# Keyboard stands: making them extra sturdy?



## _detox (Oct 5, 2008)

Hey guys. 

I will be unveiling my microKORG and electribe EMX-1 at the upcoming gigs with my band, but I'm running into a bit of a situation when it comes to a stand.

Obviously I'll need a double tier stand, but I'm concerned about the sturdiness of the stand. When I used to play piano, I remember having a stand for my keyboard that would move and shake when I played. And the keyboardist in my band has been having that same problem. 

So how would I steady this? I've seen the singer from Enter Shikari jump up and stand on his before without any shaking or anything.
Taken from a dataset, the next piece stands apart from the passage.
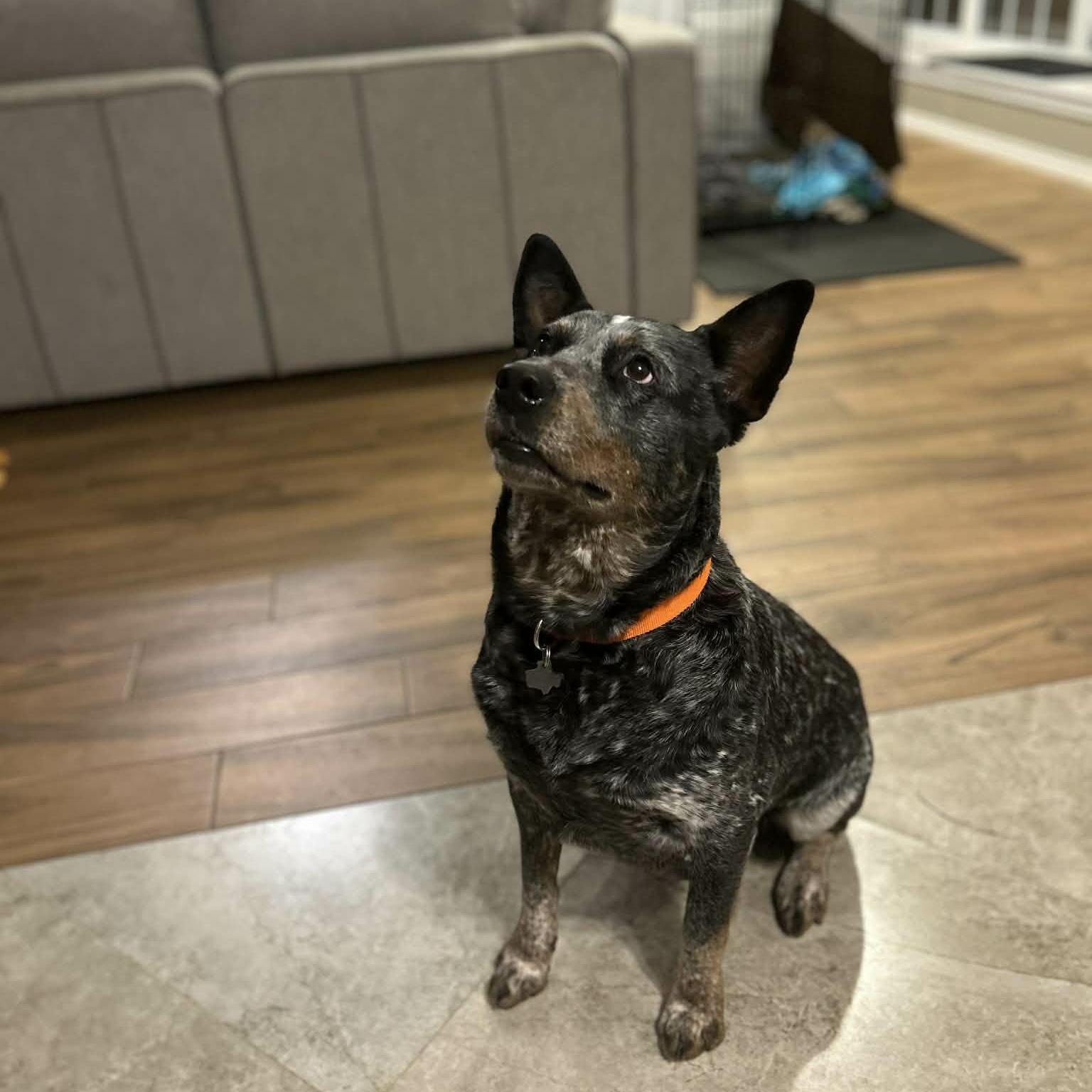 Enlarge Moose, a Adoptable Australian Cattle Dog / Blue Heeler in Springtown , TX image 1/6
I'm thinking that for the microKORG at least I'm going to put velcro on the bottom of the unit and the top of the stand. I've heard doing something with a plank of wood helps?

THANKS!


----------



## eightballhemhorrage (Oct 5, 2008)

i have had good experiences with the "ultimate" keyboard stand. it is one leaning vertical post with arms that you stuff goes on. i find them @ g.c. only prob is they are a touch expensive

Buy Ultimate Support DX-48B Deltex II Keyboard Stand online at Musician's Friend

there are a few different versions of it too.


----------



## eleven59 (Oct 5, 2008)

I've heard great things about those. 

I know when I saw Tubring, the keyboardist was using just a typical X-shaped folding stand, but he had a chain between the top two parts of the "X" so it wouldn't collapse when he jumped up on it. It was a really heavy-duty looking one too.


----------



## Leec (Oct 5, 2008)

The keyboard player in my band uses an Ultimate stand. He uses a fullsize, weighted-key Fatar controller and a Trinity on it, and it has no issues with wobbling or toppling. 
They're sturdily constructed, and they fold away so cool (all the arms fit inside it), and even have a handle on for carrying.

They're a lot weightier than a typical X stand, and, of course, they cost a lot more. They look at better, though.


----------



## Speedy Fingers (Oct 8, 2008)

Ultimate Support AX-48S Apex Dual Tier Keyboard Stand on eBay, also, Stands, Pro Audio Equipment, Musical Instruments (end time 08-Oct-08 21:09:35 BST)

This has 3 minutes left!


----------